=== Begin Enclosure ===

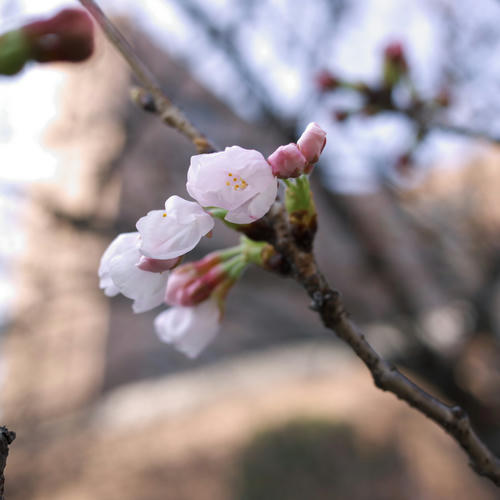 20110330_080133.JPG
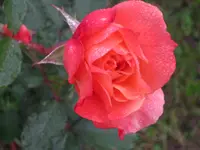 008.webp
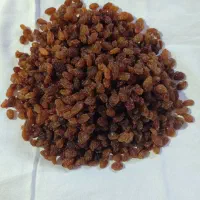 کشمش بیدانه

=== End Enclosure ===
=== Begin Enclosure ===

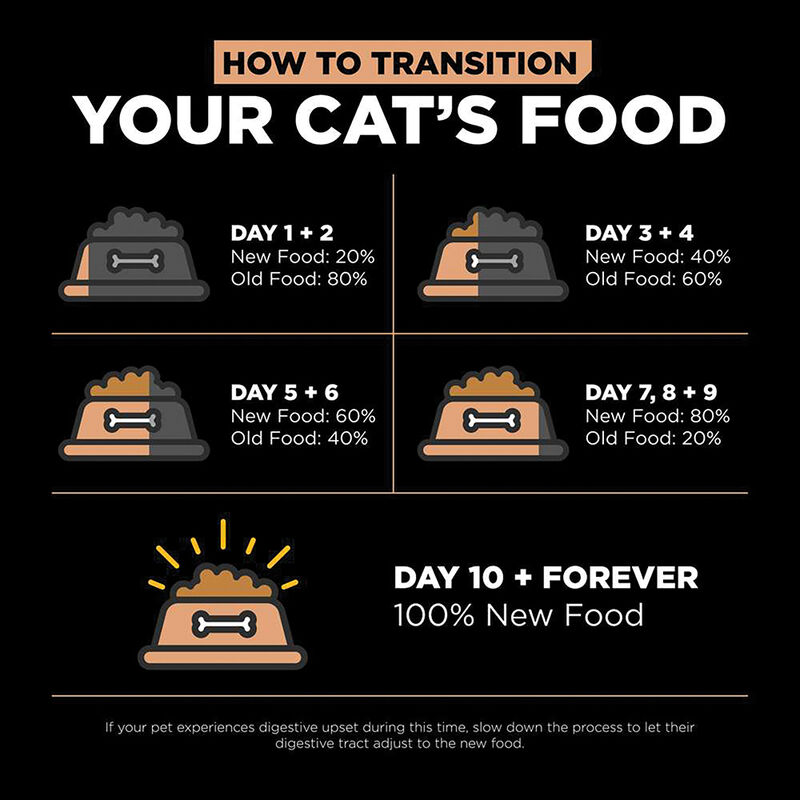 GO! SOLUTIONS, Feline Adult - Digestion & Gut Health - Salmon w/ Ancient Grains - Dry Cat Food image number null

=== End Enclosure ===
=== Begin Enclosure ===

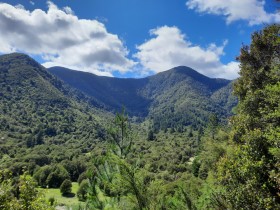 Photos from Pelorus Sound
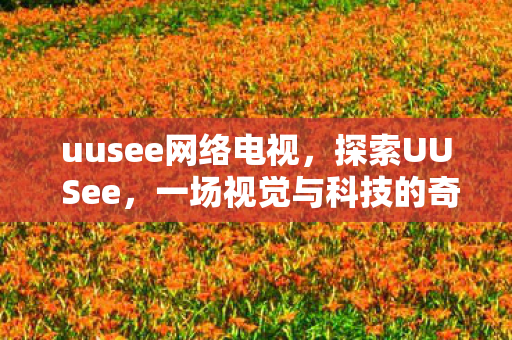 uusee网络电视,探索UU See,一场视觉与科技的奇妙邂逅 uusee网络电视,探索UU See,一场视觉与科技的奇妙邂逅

=== End Enclosure ===

WHAT YOU WILL DO
What belongs in the answer is each line above from the line with "Photos from Pelorus Sound" to the line with "uusee网络电视,探索UU See,一场视觉与科技的奇妙邂逅 uusee网络电视,探索UU", inclusive, reproduced exactly and free of pictures.

EXERCISE RESPONSE
 Photos from Pelorus Sound
 uusee网络电视,探索UU See,一场视觉与科技的奇妙邂逅 uusee网络电视,探索UU See,一场视觉与科技的奇妙邂逅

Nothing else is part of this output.